How to start our Architectural Review  

We can review our architecture in 3 different aspects to evaluate its scalability and performance.

1. Deployment and infrastructure
2. Technology Stacks
3. Performance and Scalability Frame

Deployment and Infrastructure

• Do you need a distributed architecture? If not, you better co-locate web and app server to eliminate the overhead via remote communications (ie. serialization cost and network latency). If you really need to separate them, use facade pattern to provide a coarse-grained interface and cache data locally where appropriate.
• What distributed communication should you use? In Java, you have choice like SOAP, XML, REST, Hessian, RMI, EJB…
• Do you have frequent interaction across boundaries? Reduce coupling and increase cohesion via encapsulation and component design.
• What restrictions does your infrastructure impose? Like internal and external firewall, SSL and etc.
• Do you consider network bandwidth restrictions? Evaluate the size of the average request and response and multiple it by the expected concurrent load of users. The total figure should be considerably lower than the available network bandwidth. There are various ways to minimize the client bandwidth like use data paging, enable HTTP 1.1 compression (eg. gzip).
• Do you share resources with other applications? CPU, Memory and IO are 3 major resources for an application.
• Does your design support scaling up and out? Scale out first then up. Avoid server affinity by designing appropriate state and caching mechanisms.

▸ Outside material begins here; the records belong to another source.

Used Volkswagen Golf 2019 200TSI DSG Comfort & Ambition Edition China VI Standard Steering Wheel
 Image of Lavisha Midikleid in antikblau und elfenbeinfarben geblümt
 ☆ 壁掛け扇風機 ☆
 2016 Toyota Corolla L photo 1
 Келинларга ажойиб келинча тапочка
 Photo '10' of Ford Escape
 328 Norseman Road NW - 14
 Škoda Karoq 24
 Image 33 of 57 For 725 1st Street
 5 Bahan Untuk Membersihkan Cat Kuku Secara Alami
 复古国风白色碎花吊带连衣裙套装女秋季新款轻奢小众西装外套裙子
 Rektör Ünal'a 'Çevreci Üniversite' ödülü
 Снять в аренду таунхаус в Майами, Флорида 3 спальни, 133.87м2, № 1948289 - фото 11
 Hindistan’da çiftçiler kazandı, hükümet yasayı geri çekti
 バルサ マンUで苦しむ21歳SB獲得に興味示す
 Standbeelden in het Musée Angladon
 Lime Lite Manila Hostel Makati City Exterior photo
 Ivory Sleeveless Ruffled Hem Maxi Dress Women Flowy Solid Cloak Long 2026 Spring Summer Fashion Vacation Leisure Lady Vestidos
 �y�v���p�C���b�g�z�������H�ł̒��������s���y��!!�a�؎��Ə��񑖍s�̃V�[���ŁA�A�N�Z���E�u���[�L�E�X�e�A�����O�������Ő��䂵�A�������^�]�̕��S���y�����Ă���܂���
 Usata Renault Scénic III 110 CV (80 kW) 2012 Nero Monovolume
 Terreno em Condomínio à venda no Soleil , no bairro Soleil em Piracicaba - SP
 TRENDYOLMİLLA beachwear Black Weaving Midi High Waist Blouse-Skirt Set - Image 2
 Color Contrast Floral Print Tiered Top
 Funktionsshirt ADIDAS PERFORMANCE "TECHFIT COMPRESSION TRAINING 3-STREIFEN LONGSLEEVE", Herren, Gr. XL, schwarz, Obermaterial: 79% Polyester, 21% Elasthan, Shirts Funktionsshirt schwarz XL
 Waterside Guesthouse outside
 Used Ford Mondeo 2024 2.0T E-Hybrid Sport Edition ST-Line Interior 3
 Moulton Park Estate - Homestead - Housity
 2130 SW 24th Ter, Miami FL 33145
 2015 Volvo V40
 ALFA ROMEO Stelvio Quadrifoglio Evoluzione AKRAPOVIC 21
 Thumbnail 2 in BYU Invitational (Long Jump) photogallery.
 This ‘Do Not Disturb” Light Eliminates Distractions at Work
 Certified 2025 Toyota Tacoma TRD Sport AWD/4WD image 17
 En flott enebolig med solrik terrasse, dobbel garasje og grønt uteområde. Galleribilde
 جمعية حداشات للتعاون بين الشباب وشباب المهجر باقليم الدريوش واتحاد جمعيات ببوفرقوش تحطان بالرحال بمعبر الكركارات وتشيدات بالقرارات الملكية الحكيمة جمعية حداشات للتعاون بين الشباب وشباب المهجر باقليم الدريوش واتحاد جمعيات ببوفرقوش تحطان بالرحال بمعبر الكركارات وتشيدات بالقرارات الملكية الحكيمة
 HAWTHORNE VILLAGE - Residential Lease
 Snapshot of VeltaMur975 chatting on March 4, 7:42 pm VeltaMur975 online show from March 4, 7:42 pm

Performance and Scalability Frame

1. Communication
   • Chatty remote call? How you do remoting?
   • Secure communication?  Pick the right key size and encryption algorithm. If you use encryption, where possible (when both parties are known in advance), use symmetric encryption instead of asymmetric encryption. Asymmetric encryption provides improved security but has a greater negative impact on performance. A common approach is to use asymmetric only to exchange a secret key and then to use symmetric encryption.
   • Asynchronous messaging? queue vs topic. Do you make long running call? If yes, you should consider doing it asynchronously via messaging. If the client needs a way to get the result back and pick up for continue processing, register the callback for the return.
2. Concurrency
   • How well your design minimizes contention and maximizes concurrency?
   • Issues: Blocking calls, hold on the lock longer than necessary, inappropriate isolation level, misusing threads, nongranular lock
   • Do you need to execute tasks concurrently? Concurrent execution tends to be most suitable for tasks that are independent of each other. You do not benefit from asynchronous implementation if the work is CPU bound (especially for single processor servers) instead of I/O-bound. If the work is CPU bound, an asynchronous implementation results in increased utilization and thread switching on an already busy processor. This is likely to hurt performance and throughput. Consider using asynchronous invocation when the client can execute parallel tasks that are I/O-bound as part of the unit of work. For example, you can use an asynchronous call to a Web service to free up the executing thread to do some parallel work before blocking on the Web service call and waiting for the results.
   • Do you create threads on a per-request basis? Use thread pool is better option. Threads are shared resources and are expensive to initialize and manage. If you create threads on a per-request basis in a server-side application, this affects scalability by increasing the likelihood of thread starvation and affects performance, due to the increased overhead of thread creation, processor context switching, and garbage collection..
   • Do you design thread safe types by default? If it is unnecessary, use non-thread safe type (eg. use HashMap instead of Hashtable).
   • Do you use fine-grained locks?
   • Do you acquire late and release early? Acquiring late and releasing shared resources early is the key to reducing contention. For example, you may use synchronized block instead of synchronized method to reduce the contention.
   • Do you use the appropriate synchronization primitive? Read/Write lock, Mutex, Semaphore, atomic operation like increment on integer rather than double.
   • Do you use an appropriate transaction isolation level?
   • Does your design consider asynchronous execution?
3. Caching
   • Do you cache data?
   • Do you know which data to cache?
   • Do you cache volatile data?
   • Have you chosen the right cache location? Different cache layers.
   • What is your expiration policy?
4. State Management
   • Keep your server as stateless as possible.
   • If you cannot, pay attention what to put in the session in term of size and amount.
   • Expire the session once the user logout or you set the session expiration time for idle session to timeout.
   • The objects you put in the session need to be serializable.
5. Data structure and algorithm
   • Use the right data structure and algorithm can greatly improve the performance.